─── Available data
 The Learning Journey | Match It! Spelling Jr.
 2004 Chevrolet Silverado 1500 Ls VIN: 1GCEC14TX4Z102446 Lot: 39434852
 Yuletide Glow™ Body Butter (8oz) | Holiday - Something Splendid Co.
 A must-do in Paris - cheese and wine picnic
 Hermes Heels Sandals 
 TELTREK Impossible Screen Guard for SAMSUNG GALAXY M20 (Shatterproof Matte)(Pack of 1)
──────
─── Available data
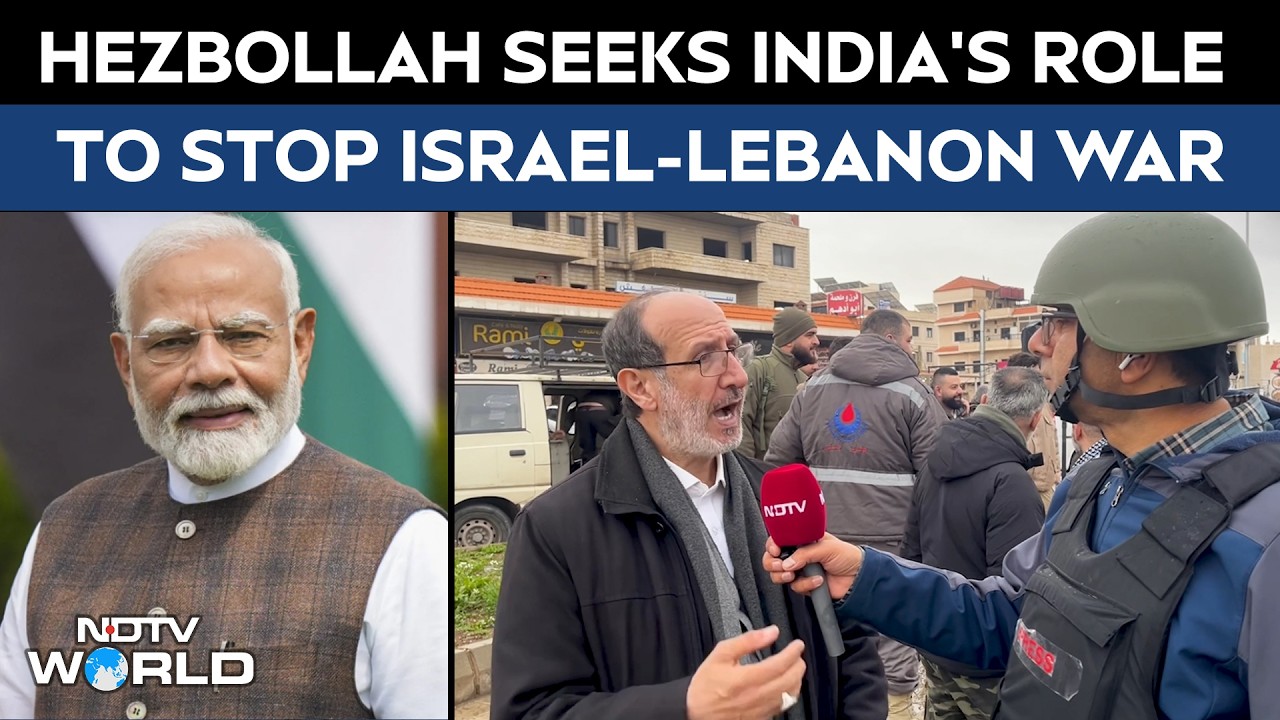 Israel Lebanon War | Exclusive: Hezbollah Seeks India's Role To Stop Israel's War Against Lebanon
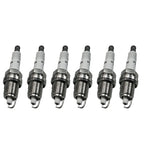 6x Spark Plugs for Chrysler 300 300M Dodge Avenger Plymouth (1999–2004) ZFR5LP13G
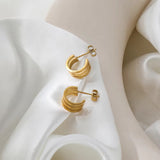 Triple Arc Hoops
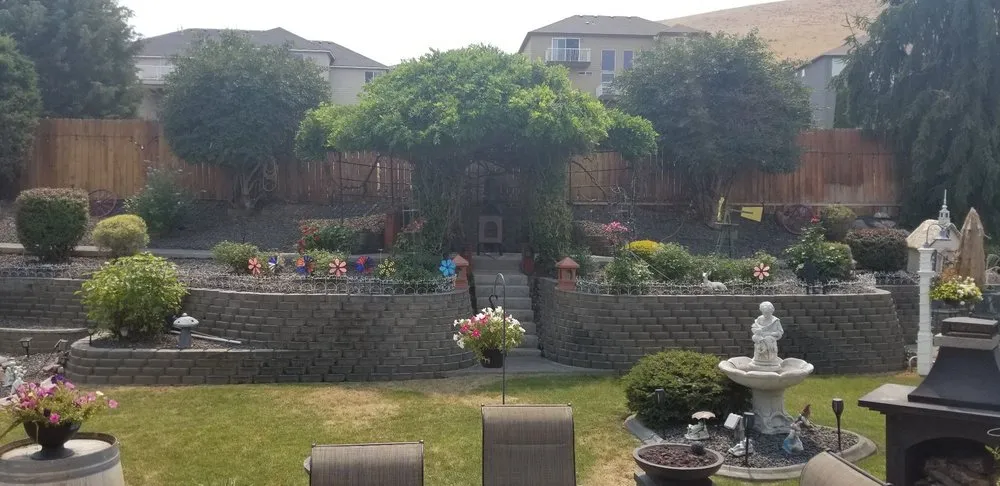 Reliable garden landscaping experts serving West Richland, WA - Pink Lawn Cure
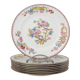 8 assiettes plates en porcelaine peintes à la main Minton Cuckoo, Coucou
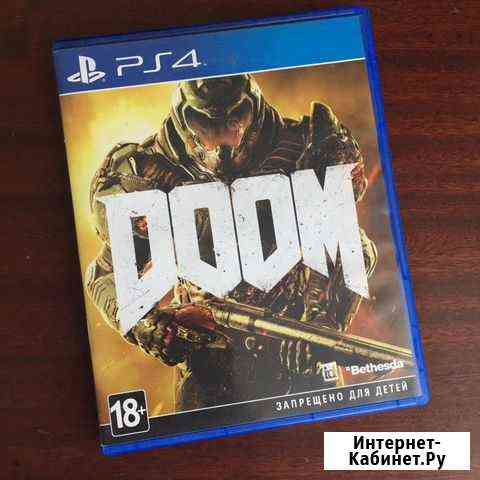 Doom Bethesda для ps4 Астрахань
──────
─── Available data
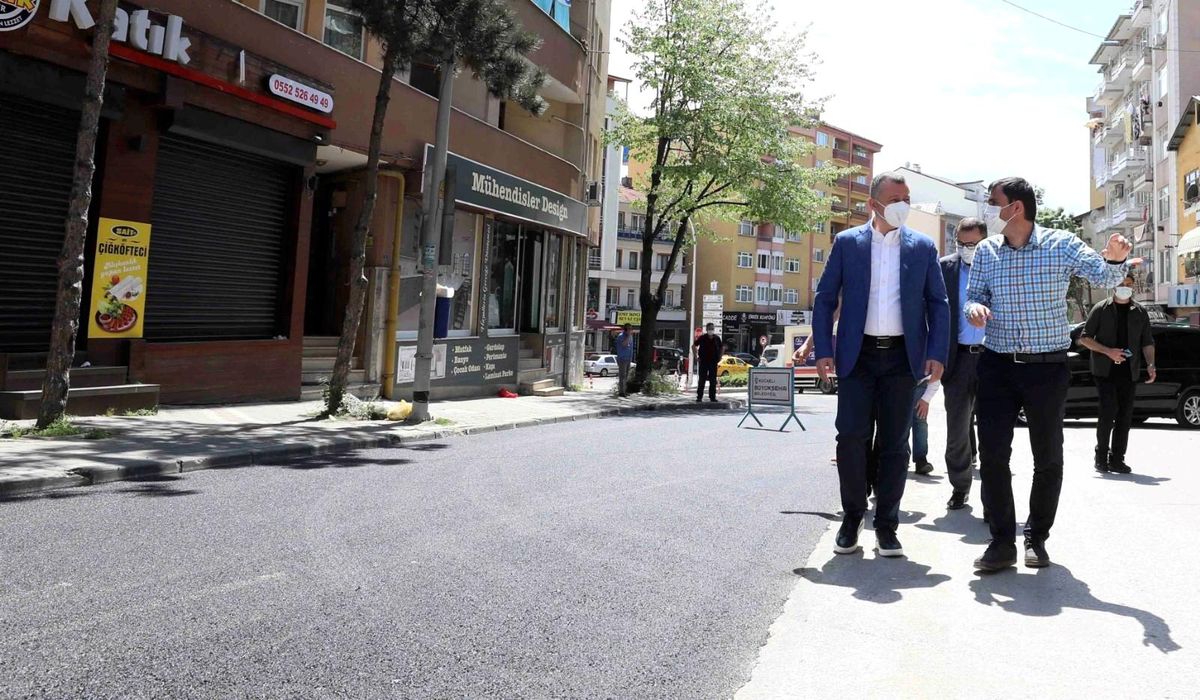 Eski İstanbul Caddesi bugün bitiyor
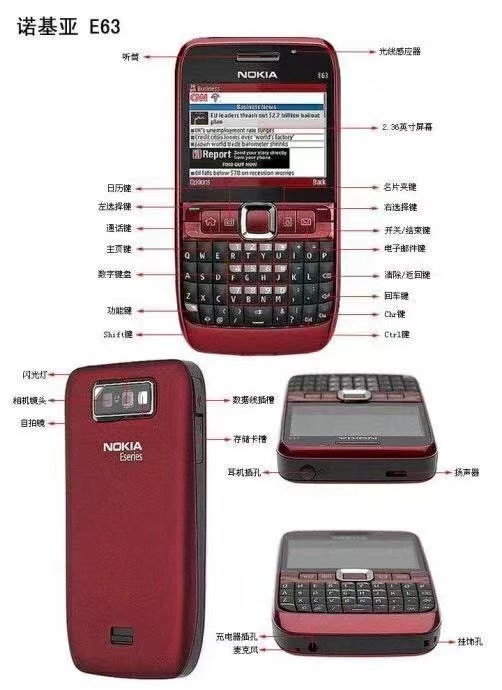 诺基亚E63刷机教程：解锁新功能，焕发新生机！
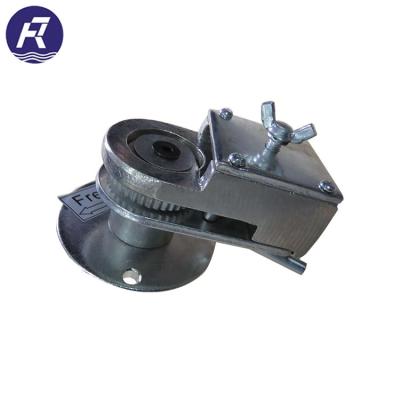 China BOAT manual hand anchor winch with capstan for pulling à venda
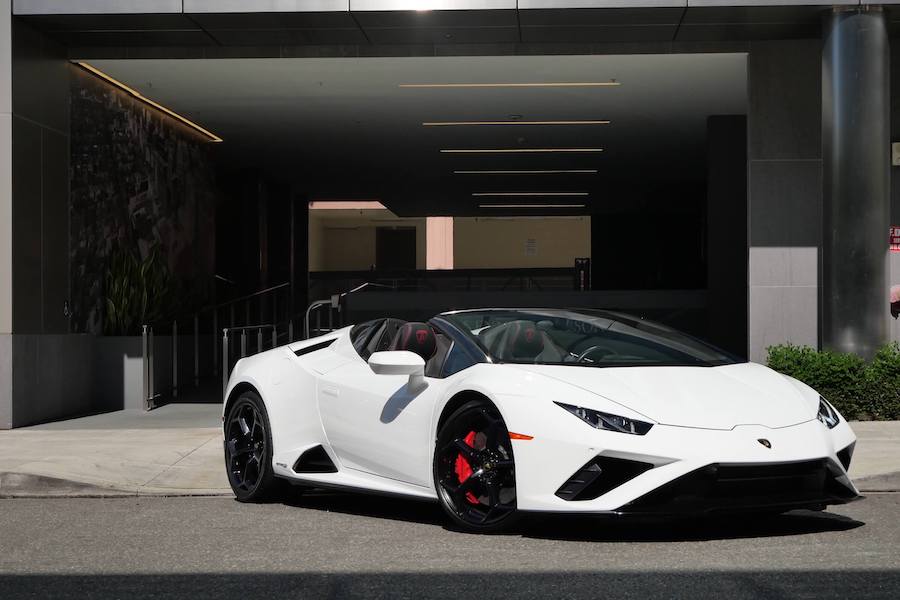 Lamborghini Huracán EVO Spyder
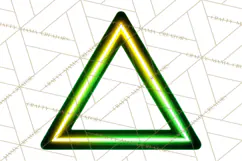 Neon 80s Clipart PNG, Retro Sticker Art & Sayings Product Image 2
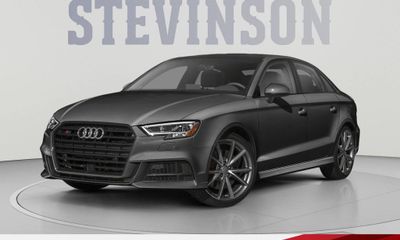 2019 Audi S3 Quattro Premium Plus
──────
**Exercise:** An exact copy is needed of the entries above, starting at the line that holds "Neon 80s Clipart" and stopping at the line that holds "2019 Audi S3 Quattro Premium Plus", both kept; pictures stay out.

**Exercise result:**
 Neon 80s Clipart PNG, Retro Sticker Art & Sayings Product Image 2
 2019 Audi S3 Quattro Premium Plus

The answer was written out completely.